EXTRACTED INFORMATION:
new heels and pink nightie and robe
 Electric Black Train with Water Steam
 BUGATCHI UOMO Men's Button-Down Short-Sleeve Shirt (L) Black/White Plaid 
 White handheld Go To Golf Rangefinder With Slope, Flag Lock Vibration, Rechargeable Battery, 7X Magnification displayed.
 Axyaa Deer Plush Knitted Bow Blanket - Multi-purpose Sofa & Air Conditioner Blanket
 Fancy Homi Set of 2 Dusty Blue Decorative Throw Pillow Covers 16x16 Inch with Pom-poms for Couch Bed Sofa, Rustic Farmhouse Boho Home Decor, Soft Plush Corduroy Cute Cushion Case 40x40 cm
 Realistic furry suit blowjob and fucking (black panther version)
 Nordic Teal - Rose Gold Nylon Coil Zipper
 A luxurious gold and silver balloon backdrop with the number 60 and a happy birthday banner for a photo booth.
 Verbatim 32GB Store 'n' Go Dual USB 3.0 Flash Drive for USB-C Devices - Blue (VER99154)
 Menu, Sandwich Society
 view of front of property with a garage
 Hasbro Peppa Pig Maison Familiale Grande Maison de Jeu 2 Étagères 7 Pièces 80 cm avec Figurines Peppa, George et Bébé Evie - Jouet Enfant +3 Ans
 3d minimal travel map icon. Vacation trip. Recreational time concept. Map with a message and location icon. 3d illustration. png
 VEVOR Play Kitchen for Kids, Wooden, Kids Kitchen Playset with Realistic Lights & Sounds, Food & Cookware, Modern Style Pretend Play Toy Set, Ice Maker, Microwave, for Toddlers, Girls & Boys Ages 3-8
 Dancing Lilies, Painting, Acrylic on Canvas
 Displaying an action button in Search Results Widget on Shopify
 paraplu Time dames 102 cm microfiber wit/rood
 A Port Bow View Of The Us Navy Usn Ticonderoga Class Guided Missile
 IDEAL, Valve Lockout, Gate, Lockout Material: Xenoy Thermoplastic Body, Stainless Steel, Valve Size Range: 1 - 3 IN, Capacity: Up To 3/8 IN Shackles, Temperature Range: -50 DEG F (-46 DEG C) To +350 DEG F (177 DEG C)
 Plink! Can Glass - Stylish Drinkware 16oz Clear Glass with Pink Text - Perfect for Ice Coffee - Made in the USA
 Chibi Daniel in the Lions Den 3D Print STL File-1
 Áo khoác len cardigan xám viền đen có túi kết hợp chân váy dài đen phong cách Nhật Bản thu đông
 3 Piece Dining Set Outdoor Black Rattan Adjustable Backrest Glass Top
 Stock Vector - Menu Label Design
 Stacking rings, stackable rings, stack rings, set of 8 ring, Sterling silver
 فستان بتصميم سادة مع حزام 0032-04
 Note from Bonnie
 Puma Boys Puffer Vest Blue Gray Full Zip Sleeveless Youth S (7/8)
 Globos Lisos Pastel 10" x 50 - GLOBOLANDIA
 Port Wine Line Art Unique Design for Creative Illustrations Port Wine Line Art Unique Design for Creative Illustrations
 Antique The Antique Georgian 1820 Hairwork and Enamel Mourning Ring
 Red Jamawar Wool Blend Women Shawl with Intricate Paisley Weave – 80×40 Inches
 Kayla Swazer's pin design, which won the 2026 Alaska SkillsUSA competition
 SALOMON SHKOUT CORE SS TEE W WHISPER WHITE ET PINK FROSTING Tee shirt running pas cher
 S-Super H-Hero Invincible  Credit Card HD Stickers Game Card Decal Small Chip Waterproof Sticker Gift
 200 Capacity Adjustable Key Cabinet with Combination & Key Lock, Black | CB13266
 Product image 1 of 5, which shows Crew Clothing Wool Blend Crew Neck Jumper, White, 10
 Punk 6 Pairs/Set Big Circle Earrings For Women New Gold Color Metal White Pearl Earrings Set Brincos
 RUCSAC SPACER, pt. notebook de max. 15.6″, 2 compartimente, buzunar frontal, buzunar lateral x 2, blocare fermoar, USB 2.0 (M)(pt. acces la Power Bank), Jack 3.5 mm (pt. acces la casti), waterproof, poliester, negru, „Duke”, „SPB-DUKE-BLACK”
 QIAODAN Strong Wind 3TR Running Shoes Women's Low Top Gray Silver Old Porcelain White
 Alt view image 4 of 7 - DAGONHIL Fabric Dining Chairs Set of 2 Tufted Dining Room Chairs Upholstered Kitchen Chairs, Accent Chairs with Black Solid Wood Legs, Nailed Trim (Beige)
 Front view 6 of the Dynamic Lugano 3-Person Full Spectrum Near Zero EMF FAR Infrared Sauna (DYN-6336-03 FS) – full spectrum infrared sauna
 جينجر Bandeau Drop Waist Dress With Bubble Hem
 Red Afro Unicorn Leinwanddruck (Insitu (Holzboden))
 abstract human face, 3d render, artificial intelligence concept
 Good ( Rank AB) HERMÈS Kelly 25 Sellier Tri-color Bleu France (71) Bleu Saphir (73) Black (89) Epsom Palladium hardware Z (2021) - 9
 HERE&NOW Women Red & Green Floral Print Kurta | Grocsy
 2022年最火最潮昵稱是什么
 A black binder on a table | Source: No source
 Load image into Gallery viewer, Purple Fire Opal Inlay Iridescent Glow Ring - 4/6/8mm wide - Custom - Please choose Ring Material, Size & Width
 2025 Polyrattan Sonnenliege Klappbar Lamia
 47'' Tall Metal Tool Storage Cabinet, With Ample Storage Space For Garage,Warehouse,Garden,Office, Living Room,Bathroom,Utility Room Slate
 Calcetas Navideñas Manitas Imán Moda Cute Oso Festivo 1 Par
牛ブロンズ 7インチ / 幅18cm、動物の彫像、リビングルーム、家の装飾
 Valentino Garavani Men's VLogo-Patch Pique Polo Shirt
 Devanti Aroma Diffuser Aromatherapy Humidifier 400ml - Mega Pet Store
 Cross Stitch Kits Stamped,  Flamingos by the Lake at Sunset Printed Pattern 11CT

THE TASK:
Could you restate every record above word for word?

RESULT OF THE TASK:
new heels and pink nightie and robe
 Electric Black Train with Water Steam
 BUGATCHI UOMO Men's Button-Down Short-Sleeve Shirt (L) Black/White Plaid 
 White handheld Go To Golf Rangefinder With Slope, Flag Lock Vibration, Rechargeable Battery, 7X Magnification displayed.
 Axyaa Deer Plush Knitted Bow Blanket - Multi-purpose Sofa & Air Conditioner Blanket
 Fancy Homi Set of 2 Dusty Blue Decorative Throw Pillow Covers 16x16 Inch with Pom-poms for Couch Bed Sofa, Rustic Farmhouse Boho Home Decor, Soft Plush Corduroy Cute Cushion Case 40x40 cm
 Realistic furry suit blowjob and fucking (black panther version)
 Nordic Teal - Rose Gold Nylon Coil Zipper
 A luxurious gold and silver balloon backdrop with the number 60 and a happy birthday banner for a photo booth.
 Verbatim 32GB Store 'n' Go Dual USB 3.0 Flash Drive for USB-C Devices - Blue (VER99154)
 Menu, Sandwich Society
 view of front of property with a garage
 Hasbro Peppa Pig Maison Familiale Grande Maison de Jeu 2 Étagères 7 Pièces 80 cm avec Figurines Peppa, George et Bébé Evie - Jouet Enfant +3 Ans
 3d minimal travel map icon. Vacation trip. Recreational time concept. Map with a message and location icon. 3d illustration. png
 VEVOR Play Kitchen for Kids, Wooden, Kids Kitchen Playset with Realistic Lights & Sounds, Food & Cookware, Modern Style Pretend Play Toy Set, Ice Maker, Microwave, for Toddlers, Girls & Boys Ages 3-8
 Dancing Lilies, Painting, Acrylic on Canvas
 Displaying an action button in Search Results Widget on Shopify
 paraplu Time dames 102 cm microfiber wit/rood
 A Port Bow View Of The Us Navy Usn Ticonderoga Class Guided Missile
 IDEAL, Valve Lockout, Gate, Lockout Material: Xenoy Thermoplastic Body, Stainless Steel, Valve Size Range: 1 - 3 IN, Capacity: Up To 3/8 IN Shackles, Temperature Range: -50 DEG F (-46 DEG C) To +350 DEG F (177 DEG C)
 Plink! Can Glass - Stylish Drinkware 16oz Clear Glass with Pink Text - Perfect for Ice Coffee - Made in the USA
 Chibi Daniel in the Lions Den 3D Print STL File-1
 Áo khoác len cardigan xám viền đen có túi kết hợp chân váy dài đen phong cách Nhật Bản thu đông
 3 Piece Dining Set Outdoor Black Rattan Adjustable Backrest Glass Top
 Stock Vector - Menu Label Design
 Stacking rings, stackable rings, stack rings, set of 8 ring, Sterling silver
 فستان بتصميم سادة مع حزام 0032-04
 Note from Bonnie
 Puma Boys Puffer Vest Blue Gray Full Zip Sleeveless Youth S (7/8)
 Globos Lisos Pastel 10" x 50 - GLOBOLANDIA
 Port Wine Line Art Unique Design for Creative Illustrations Port Wine Line Art Unique Design for Creative Illustrations
 Antique The Antique Georgian 1820 Hairwork and Enamel Mourning Ring
 Red Jamawar Wool Blend Women Shawl with Intricate Paisley Weave – 80×40 Inches
 Kayla Swazer's pin design, which won the 2026 Alaska SkillsUSA competition
 SALOMON SHKOUT CORE SS TEE W WHISPER WHITE ET PINK FROSTING Tee shirt running pas cher
 S-Super H-Hero Invincible  Credit Card HD Stickers Game Card Decal Small Chip Waterproof Sticker Gift
 200 Capacity Adjustable Key Cabinet with Combination & Key Lock, Black | CB13266
 Product image 1 of 5, which shows Crew Clothing Wool Blend Crew Neck Jumper, White, 10
 Punk 6 Pairs/Set Big Circle Earrings For Women New Gold Color Metal White Pearl Earrings Set Brincos
 RUCSAC SPACER, pt. notebook de max. 15.6″, 2 compartimente, buzunar frontal, buzunar lateral x 2, blocare fermoar, USB 2.0 (M)(pt. acces la Power Bank), Jack 3.5 mm (pt. acces la casti), waterproof, poliester, negru, „Duke”, „SPB-DUKE-BLACK”
 QIAODAN Strong Wind 3TR Running Shoes Women's Low Top Gray Silver Old Porcelain White
 Alt view image 4 of 7 - DAGONHIL Fabric Dining Chairs Set of 2 Tufted Dining Room Chairs Upholstered Kitchen Chairs, Accent Chairs with Black Solid Wood Legs, Nailed Trim (Beige)
 Front view 6 of the Dynamic Lugano 3-Person Full Spectrum Near Zero EMF FAR Infrared Sauna (DYN-6336-03 FS) – full spectrum infrared sauna
 جينجر Bandeau Drop Waist Dress With Bubble Hem
 Red Afro Unicorn Leinwanddruck (Insitu (Holzboden))
 abstract human face, 3d render, artificial intelligence concept
 Good ( Rank AB) HERMÈS Kelly 25 Sellier Tri-color Bleu France (71) Bleu Saphir (73) Black (89) Epsom Palladium hardware Z (2021) - 9
 HERE&NOW Women Red & Green Floral Print Kurta | Grocsy
 2022年最火最潮昵稱是什么
 A black binder on a table | Source: No source
 Load image into Gallery viewer, Purple Fire Opal Inlay Iridescent Glow Ring - 4/6/8mm wide - Custom - Please choose Ring Material, Size & Width
 2025 Polyrattan Sonnenliege Klappbar Lamia
 47'' Tall Metal Tool Storage Cabinet, With Ample Storage Space For Garage,Warehouse,Garden,Office, Living Room,Bathroom,Utility Room Slate
 Calcetas Navideñas Manitas Imán Moda Cute Oso Festivo 1 Par
牛ブロンズ 7インチ / 幅18cm、動物の彫像、リビングルーム、家の装飾
 Valentino Garavani Men's VLogo-Patch Pique Polo Shirt
 Devanti Aroma Diffuser Aromatherapy Humidifier 400ml - Mega Pet Store
 Cross Stitch Kits Stamped,  Flamingos by the Lake at Sunset Printed Pattern 11CT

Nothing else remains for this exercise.